Outstanding tax arrears: Individuals with direct tax arrears exceeding Rs 10 lakh that have not been stayed by any authority are also required to secure the ITCC. This provision ensures that those with substantial unpaid taxes are accounted for before they leave the country.
The CBDT said that an ITCC can only be asked for after recording the reasons for doing so and obtaining approval from a Principal Chief Commissioner or Chief Commissioner of Income Tax.

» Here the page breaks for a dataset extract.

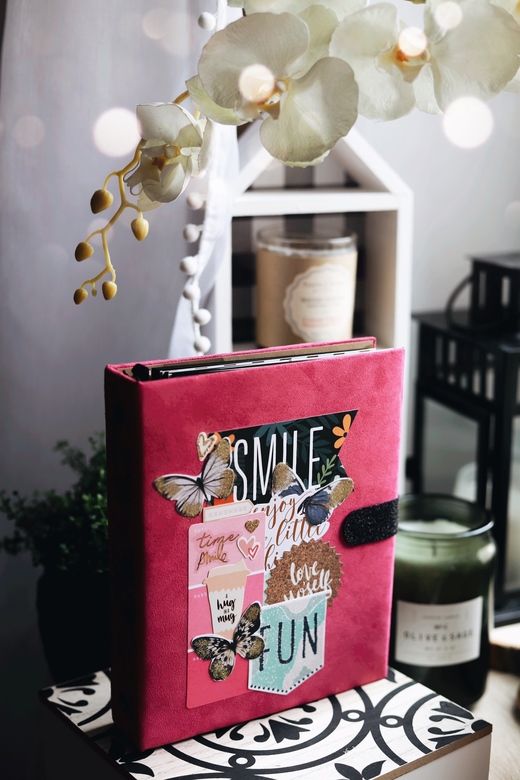 Планнер с черными страницами и подарочным наполнением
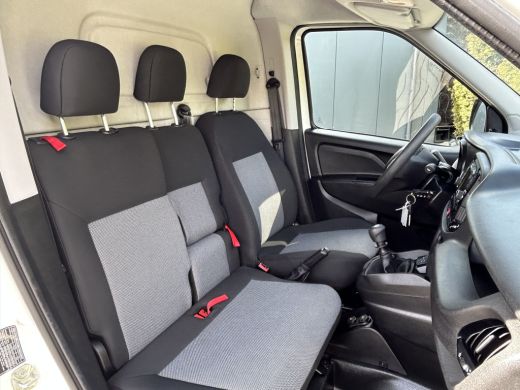 Fiat Dobló Cargo 1.6 MJ 105 PK / L1H1 / 1e EIGENAAR / 3 ZITS / TREKHAAK / INRICHTING / AIRCO / CRUISE / NAVI / CAMERA ActivLease financial lease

ITCC has been part of the tax framework since 2003. Amendments introduced in 2024 do not fundamentally alter existing provisions but clarify the circumstances under which an ITCC is necessary. The amendments include references to black money (Undisclosed Foreign Income and Assets) and Imposition of Tax Act, 2015, ensuring that liabilities under this Act are treated similarly to those under the Income Tax Act.
How to get an Income Tax Clearance certificate
To obtain ITCC, follow these steps:
Start by submitting a formal declaration to your employer in India or the individual/entity from whom you receive income. This step initiates your request for an ITCC.
If you are a Non-Resident Indian (NRI), you must provide an undertaking using Form 30A when applying for the ITCC. This form, which should be submitted by your employer or the source of your income in India, declares their responsibility for any tax liabilities that might arise after you leave the country.
After reviewing your application, the tax officer will issue the ITCC on Form 30B. This certificate will detail the validity and confirm that you have met all your tax obligations up to that point.